Reforma do IRS reforça faturas e acesso ao Portal das Finanças

Dispor de faturas identificadas com o respetivo NIF e ter uma senha de acesso ao portal das Finanças são duas condições essenciais para que qualquer contribuinte possa 'jogar' com as novas regras do IRS que entram em vigor em janeiro de 2015.

A reforma do IRS aprovada na passada sexta-feira faz depender a atribuição de deduções à coleta da existência de faturas com NIF a comprovar as despesas. Esta regra é valida para o sujeito passivo e para os seus dependentes e permitirá que a declaração a ser entregue em 2016 esteja já pré-preenchida pela administração fiscal nos campos destinados às despesas de saúde, educação gerais familiares, encargos com lares ou imóveis.
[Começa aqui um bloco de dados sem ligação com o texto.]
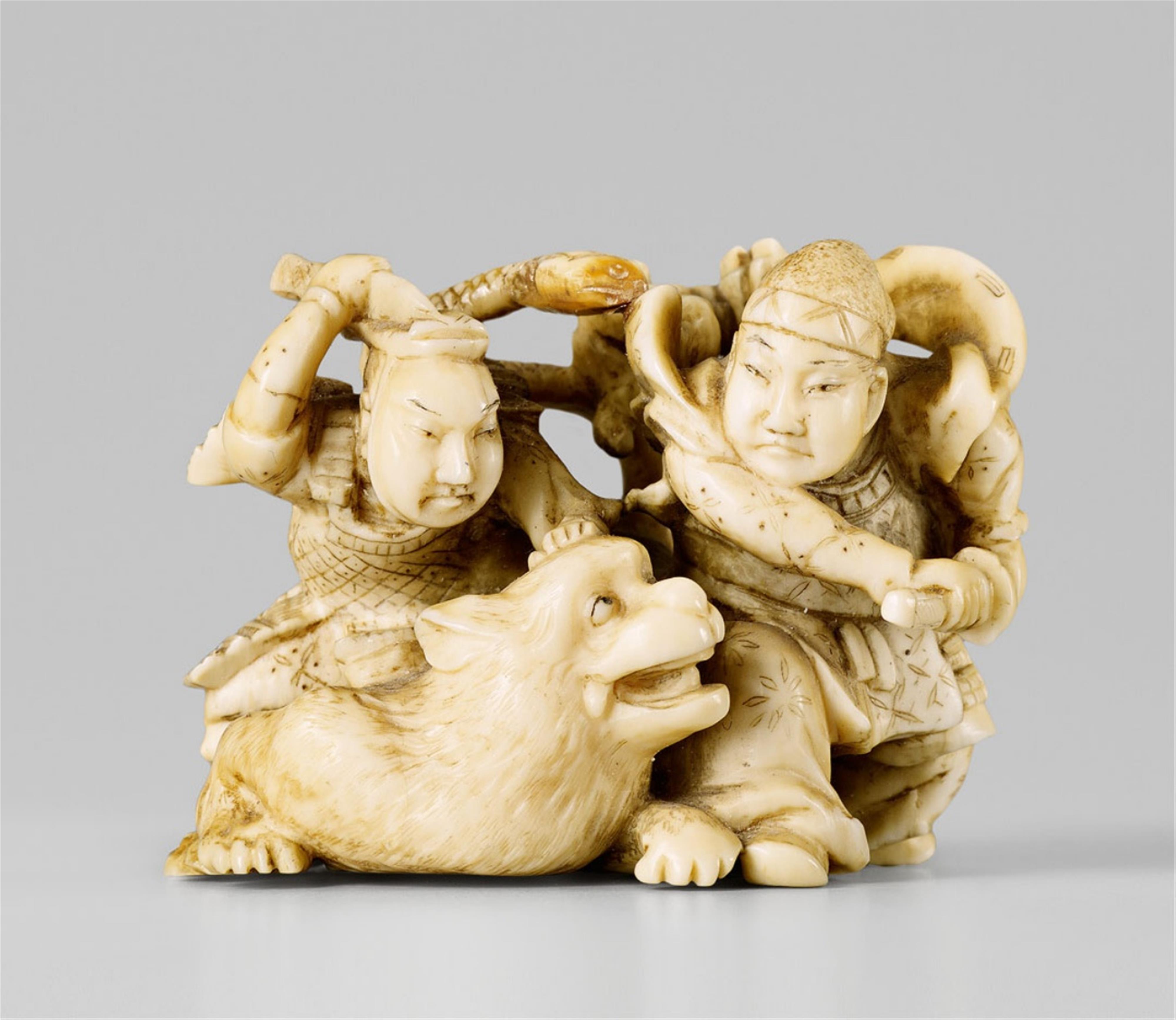 An ivory okimono-type netsuke of Yorimasa and I no Hayata slaying the nue. Late 19th century - image-1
A versão que inicialmente entrou na Assembleia da República fazia depender a aceitação das despesas gerais familiares da entrega da declaração anula do IRS dentro dos prazos previstos. Mas a versão que foi aprovada acaba com esta limitação, pelo que esta dedução será aceite mesmo que haja atrasos.

O pré-preenchimento efetuado pelo fisco vai basear-se nas faturas que lhe forem transmitidas pelas entidades que as emitem. Mas como podem registar-se lacunas em todo este circuito, caberá ao contribuinte ir verificando se as faturas chegaram à AT e lhe foram “atribuídas”. Ou seja, deve fazer o mesmo tipo de controlo que já hoje faz em relação às faturas da oficina e do restaurante ou às que são elegíveis para o sorteio do carro.

Caso detete falhas, pode ter a iniciativa de inserir os dados da fatura , sendo que nestas situações deve guardá-la por quatro anos. Este controlo pode ser feito mensalmente, mas deve ser sobretudo objeto de uma verificação anual. Porque, a AT vai apurar o valor das deduções com base na informação das faturas que lhe forem comunicadas até 15 de fevereiro do ano seguinte ao da emissão. E o contribuinte terá até 15 de março para para verificar o valor que lhe é atribuído e reclamar, se for caso disso.

Tudo isto aconselha a que se guardem as faturas até à entrega da declaração anual do imposto, que passará a ser feita de 15 de março a 15 de abril (rendimentos da categoria A e H) e de 16 de abril a 16 de maio para os restantes rendimentos.

O modelo de reforma aprovado continua, assim, a fazer depender das despesas de cada agregado o valor do imposto a pagar, distanciando-se do modelo proposto inicialmente pela Comissão de reforma do IRS que defendia antes a atribuição de um valor fixo de deduções a cada sujeito passivo.